__TASK PROMPT__: Tell how many lines contain the string "today" in the material underneath; the reply is that number and no more.

__AVAILABLE DATA__:
+++
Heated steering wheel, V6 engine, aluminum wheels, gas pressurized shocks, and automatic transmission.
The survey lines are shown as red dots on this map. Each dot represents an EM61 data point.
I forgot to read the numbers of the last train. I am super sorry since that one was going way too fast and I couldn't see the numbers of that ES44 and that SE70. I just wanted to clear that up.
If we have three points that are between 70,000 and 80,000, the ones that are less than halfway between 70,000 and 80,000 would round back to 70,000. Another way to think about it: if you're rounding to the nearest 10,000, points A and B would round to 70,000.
+++
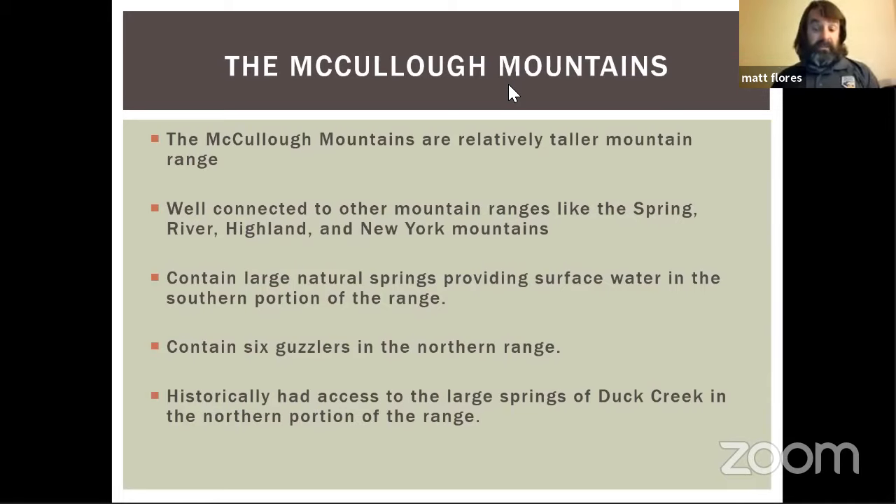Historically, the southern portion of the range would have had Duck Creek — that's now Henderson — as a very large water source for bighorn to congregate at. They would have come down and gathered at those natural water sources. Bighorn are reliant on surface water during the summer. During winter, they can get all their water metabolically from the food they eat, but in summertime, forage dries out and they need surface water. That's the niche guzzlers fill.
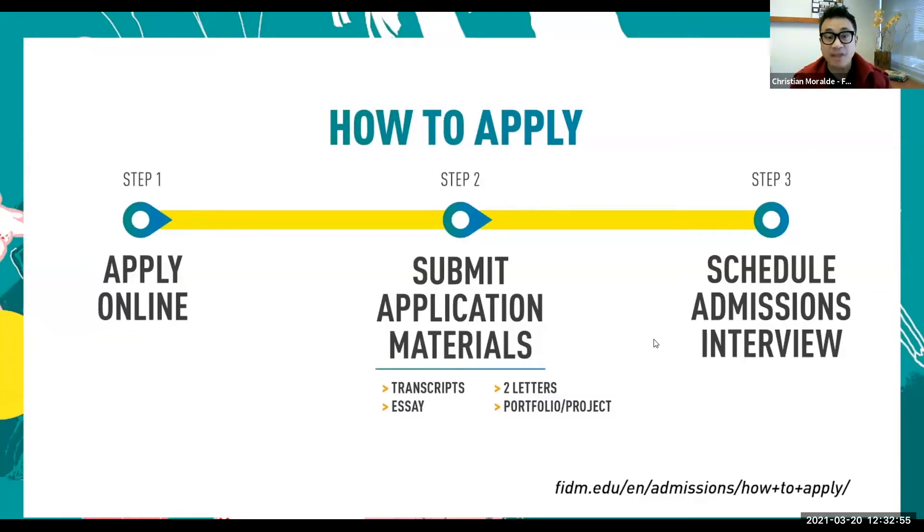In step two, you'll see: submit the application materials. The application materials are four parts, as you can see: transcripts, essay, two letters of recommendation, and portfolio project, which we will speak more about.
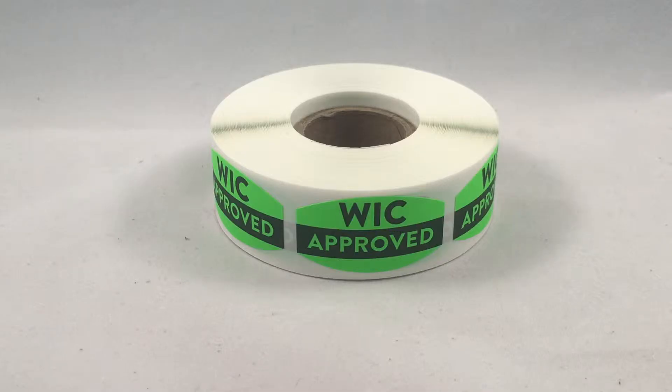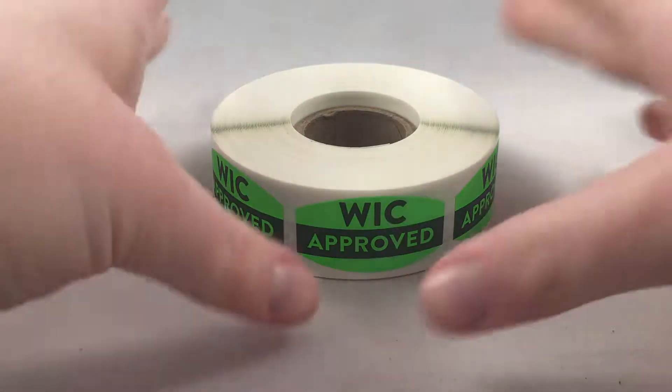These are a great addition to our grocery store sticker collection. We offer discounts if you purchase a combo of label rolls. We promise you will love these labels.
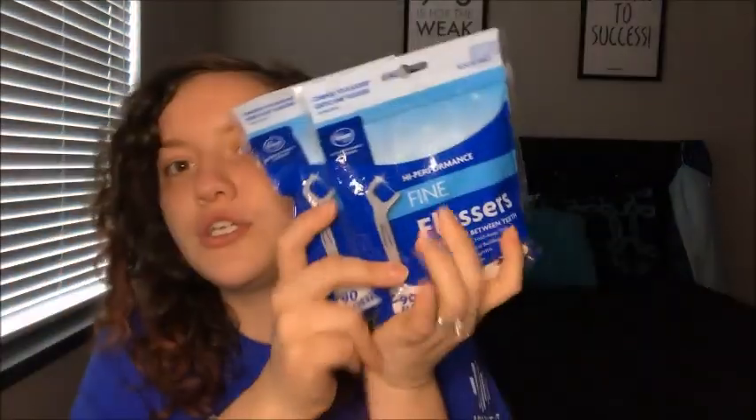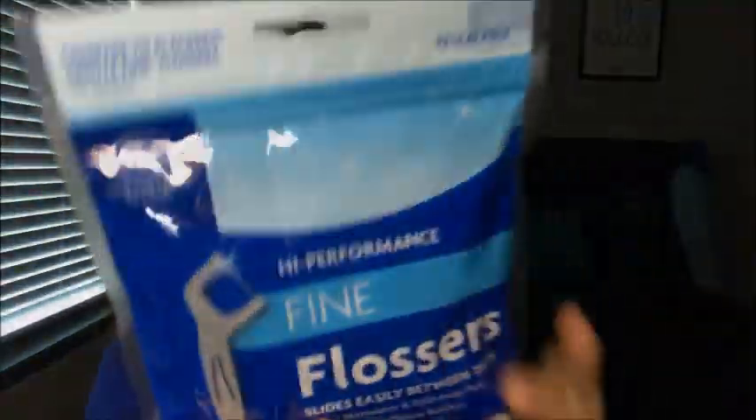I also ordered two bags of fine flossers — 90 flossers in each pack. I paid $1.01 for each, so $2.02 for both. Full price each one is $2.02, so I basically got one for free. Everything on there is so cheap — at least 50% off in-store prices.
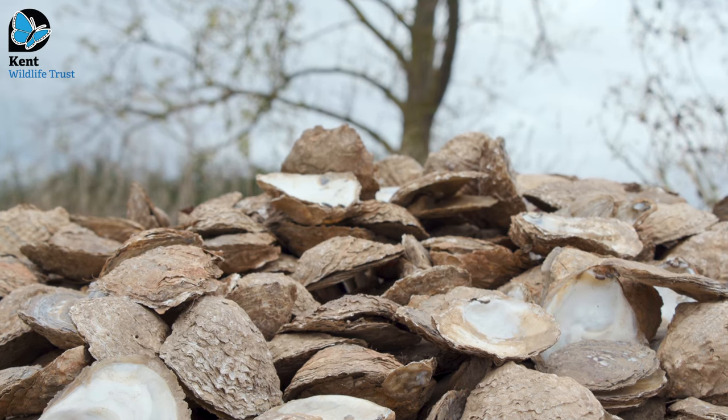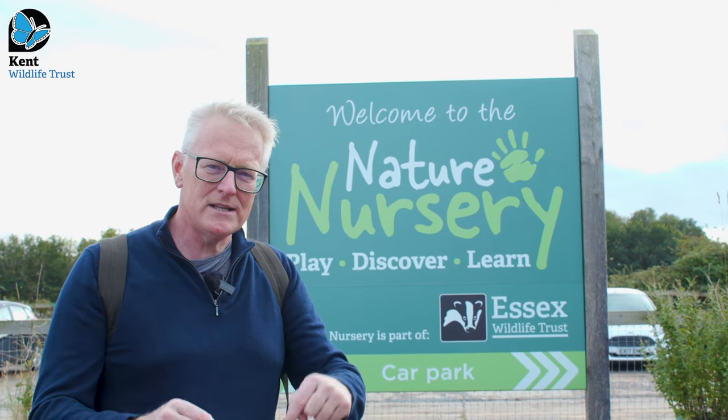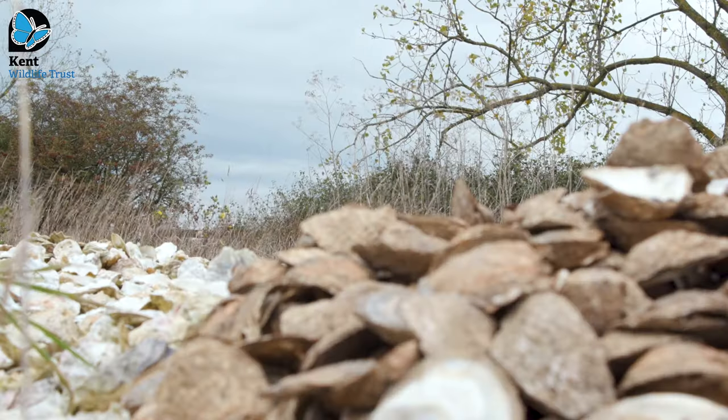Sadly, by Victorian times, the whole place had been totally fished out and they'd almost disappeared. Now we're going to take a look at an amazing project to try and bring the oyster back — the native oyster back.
+++
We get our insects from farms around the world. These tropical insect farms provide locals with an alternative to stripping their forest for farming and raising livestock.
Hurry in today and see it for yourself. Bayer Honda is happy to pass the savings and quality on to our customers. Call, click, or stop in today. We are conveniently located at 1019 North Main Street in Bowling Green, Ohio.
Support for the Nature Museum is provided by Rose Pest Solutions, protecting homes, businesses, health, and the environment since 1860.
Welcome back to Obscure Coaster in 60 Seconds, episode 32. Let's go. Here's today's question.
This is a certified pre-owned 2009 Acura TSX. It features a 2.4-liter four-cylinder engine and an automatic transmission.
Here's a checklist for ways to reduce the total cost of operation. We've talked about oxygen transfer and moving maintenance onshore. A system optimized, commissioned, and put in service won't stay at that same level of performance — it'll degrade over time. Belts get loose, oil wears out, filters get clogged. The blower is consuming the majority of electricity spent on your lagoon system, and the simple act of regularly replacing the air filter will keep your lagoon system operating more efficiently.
+++
__WRITTEN SOLUTION__: 2